Кстати, давайте перечитаем первый абзац длинной цитаты из «Театрального романа»:

Говорил ли мне кто-то или приснилось мне, что будто бы Юлий Кесарь
 обладал способностью делать несколько разных дел одновременно,
 например, читать что-либо и слушать кого-нибудь. Свидетельствую
 здесь, что Юлий Кесарь растерялся бы самым жалким образом, если бы
 его посадили на место Филиппа Филипповича.

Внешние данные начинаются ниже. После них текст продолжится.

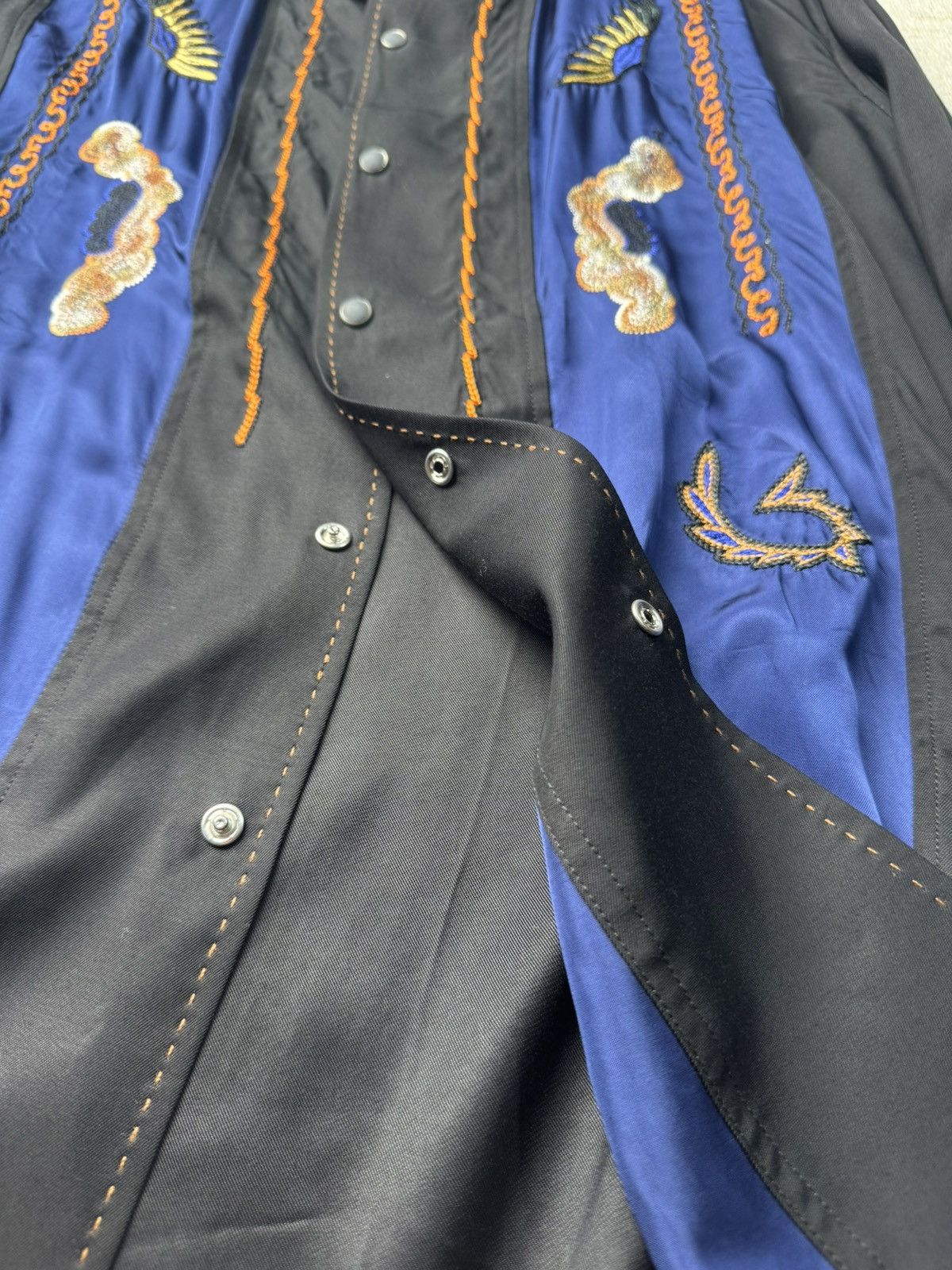 TOGA VIRILIS TOGA VIRILIS Embroidery Opencollar Shirts Size US M / EU 48-50 / 2 - 10 Thumbnail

Этот литературный прием — некий энциклопедический факт с последующей привязкой к герою повествования — ничего не напоминает? Да, легко вспомнить подобное из “12 стульев”:

Словарь Вильяма Шекспира, по подсчету исследователей, составляет
 12.000 слов. Словарь негра из людоедского племени “Мумбо-Юмбо”
 составляет 300 слов. Эллочка Щукина легко и свободно обходилась
 тридцатью.

Еще один знаменитый булгаковский пунктик — «квартирный вопрос», который беспокоил писателя острее, чем большинство сограждан. Булгаков до революции успел пожить в более-менее комфортных условиях, и, намыкавшись за Гражданскую войну и годы раннего нэпа по съемным углам и коммуналкам, страстно мечтал о полноценном жилье. Не случайно его Филипп Филиппович (не администратор из «Театрального романа», а профессор из «Собачьего сердца») так яростно отстаивает право на восьмую комнату, которая нужна ему под библиотеку.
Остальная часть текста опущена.